Durant des années, l’intéressé a détourné des sommes dépassant 3 millions de dirhams (Plus de350. 000, 00 dollars USD). Monjib est accusé d’avoir détourné ces sommes du compte de la structure qui recevait les subventions de l’étranger et les avoir mis dans ses comptes personnels et ceux de ses proches.
Voici le détail des différents mouvements bancaires imputés à Maâti Monjib depuis la création de son centre (SARL aux yeux de la loi marocaine, une ONG à l’étranger !).
La valse des millions
L’historien avait à lui seul toute la latitude pour gérer les fonds étrangers reçus par son Centre. Et ces subventions provenaient essentiellement de l’ONG néerlandaise «Free Press Unlimited» et du «National Endowment» (organisme américain) et ont totalisé plus de 3 millions de dirhams. D’autres financements étrangers ont été reçus par Maâti Monjib et ont été de l’ordre de 1.4 million de dirhams. Toute cette petite fortune a fini sur deux comptes ouverts au nom de l’historien à l’agence BMCE de Rabat-Agdal. Les opérations de retrait et de dépôts se faisaient cash par Maâti Monjib.
En novembre 2014, juste avant qu’il ne décide de saborder son centre/ONG, l’historien libelle un chèque de 1 million pour sa sœur Fatima et un deuxième (de 1.05 million de dirhams) pour son épouse, Christine. Auparavant, tout l’argent accumulé était confié à un compte avec des dépôts à terme.

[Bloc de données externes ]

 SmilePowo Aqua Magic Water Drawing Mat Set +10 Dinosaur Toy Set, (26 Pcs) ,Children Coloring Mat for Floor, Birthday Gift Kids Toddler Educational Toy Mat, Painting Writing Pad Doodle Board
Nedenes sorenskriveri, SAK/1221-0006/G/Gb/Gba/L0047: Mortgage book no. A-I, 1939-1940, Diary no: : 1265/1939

En avril 2015, une autre opération est effectuée par le président du Centre Ibn Rochd désormais dissous: il ouvre un compte sur carnet et y dépose 400.000 de dirhams (le maximum autorisé par la loi sur un compte carnet). Un simple calcul démontre que le concerné a détourné au moins 2.450.000 de dirhams. Et ce n’est pas tout.
Seul maître à bord
Etant co-fondateur et trésorier de l’AMJI (il semble avoir un faible pour ce dernier poste), il omet de déclarer d’autres financements étrangers au Secrétariat général du gouvernement (SGG) comme le stipule la loi. Depuis sa création en 2011, L’AMJI a reçu 2.580.000 de dirhams en huit versements, mais Maâti Monjib n’en a déclaré que trois! Qu’a-t-il bien pu faire des cinq opérations non déclarées ?
Ce sont toutes ces opérations que Maâti Monjib tente par tous les moyens de garder secrètes, même devant les enquêteurs. Dos au mur, il a préféré garder le silence, puis entrer en grève de la faim comme une sorte d’arme de «chantage massive».

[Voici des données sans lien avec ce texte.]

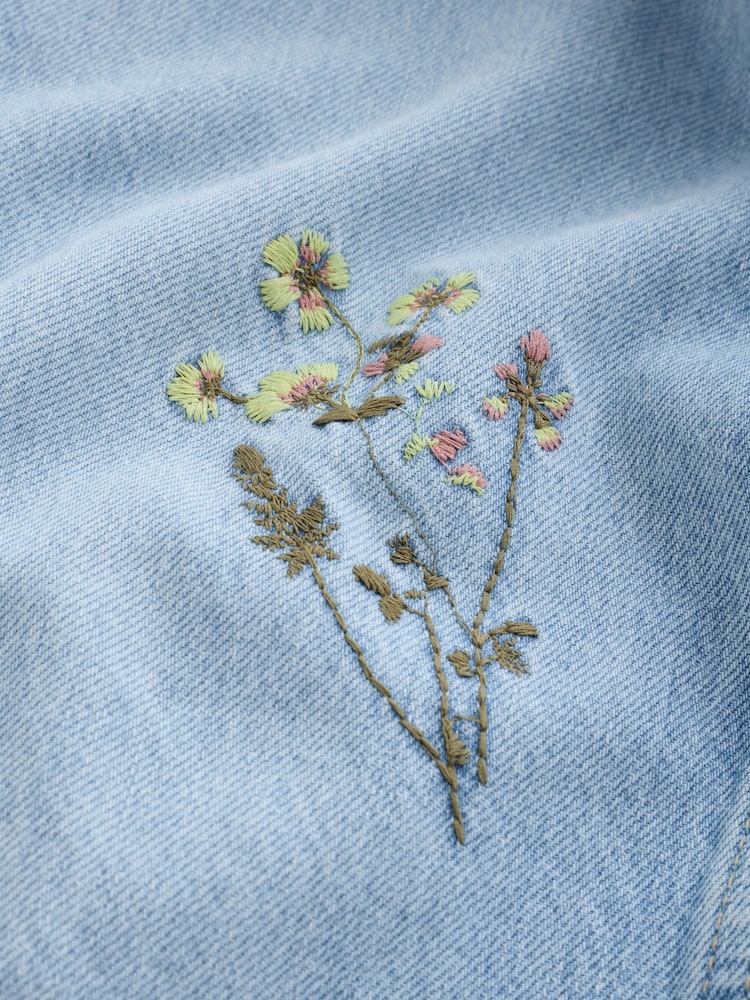 Light Blue Floral Embroidered Authentic High Rise City Straight Leg Jeans - Image 8 of 8 Light Blue Floral Embroidered Authentic High Rise City Straight Leg Jeans - Image 8 of 8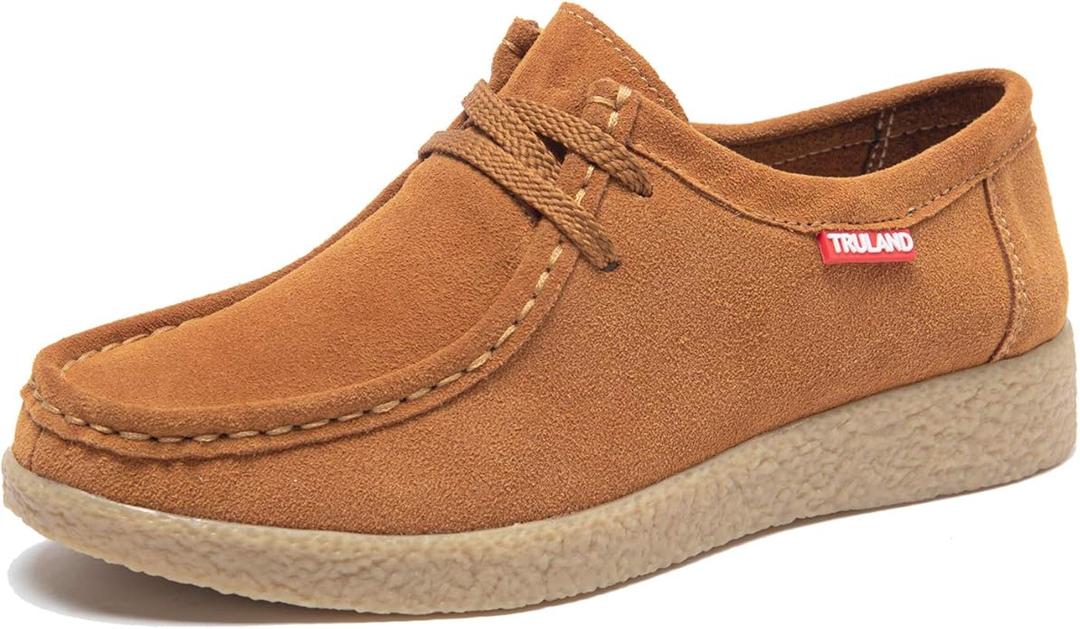 TRULAND Leather Oxford Shoes for Women - Suede Lace Up Moc Toe Low Platform Flat Wallabees Shoes, U.S 7.5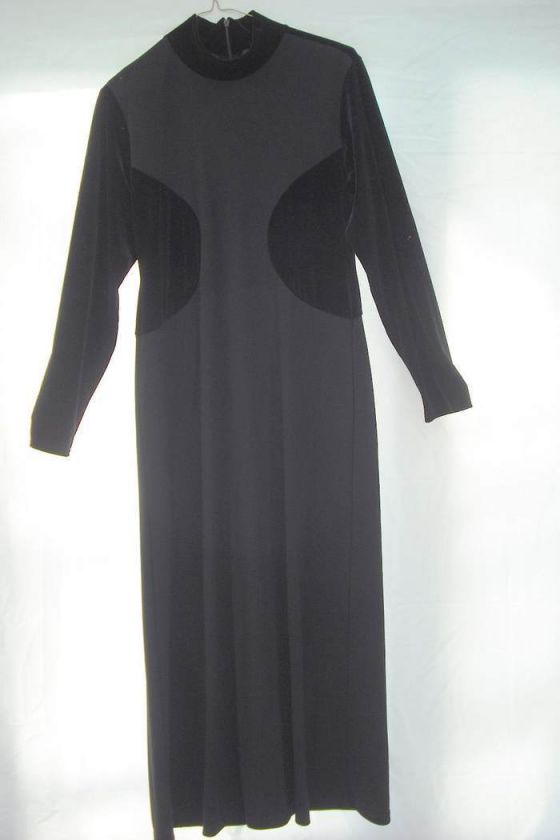 Liz Claiborne Long Black Formal Concert Dress M L MINT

Que dirait-il aussi à la CNSS sur le cas de Abdessamad Aït Aicha, alias Samad Ayach? Maâti Monjib versait à son chouchou 6.000 DH nets en guise de salaire mensuel, mais ne déclarait que 3.000 à la Caisse sociale pour se défaire des redevances sociales. Aux Etats-Unis, ne pas payer ses impôts et autres droits est un crime sévèrement puni. Aux Etats-Unis, le détournement de fonds est un crime grave, passible de plusieurs années de prison.
S’il n’avait rien à se reprocher, Maâti Monjib aurait répondu à la justice des sommes qu’il a fait transiter du compte du Centre à ses comptes personnels et ceux de ses proches. Cette fuite en avant ne saurait toutefois résister à la justice et au temps. Même s’il a réussi à duper de nombreuses personnes et médias, dont Le Washington Post, Maâti Monjib finira bien par rendre des comptes devant la justice.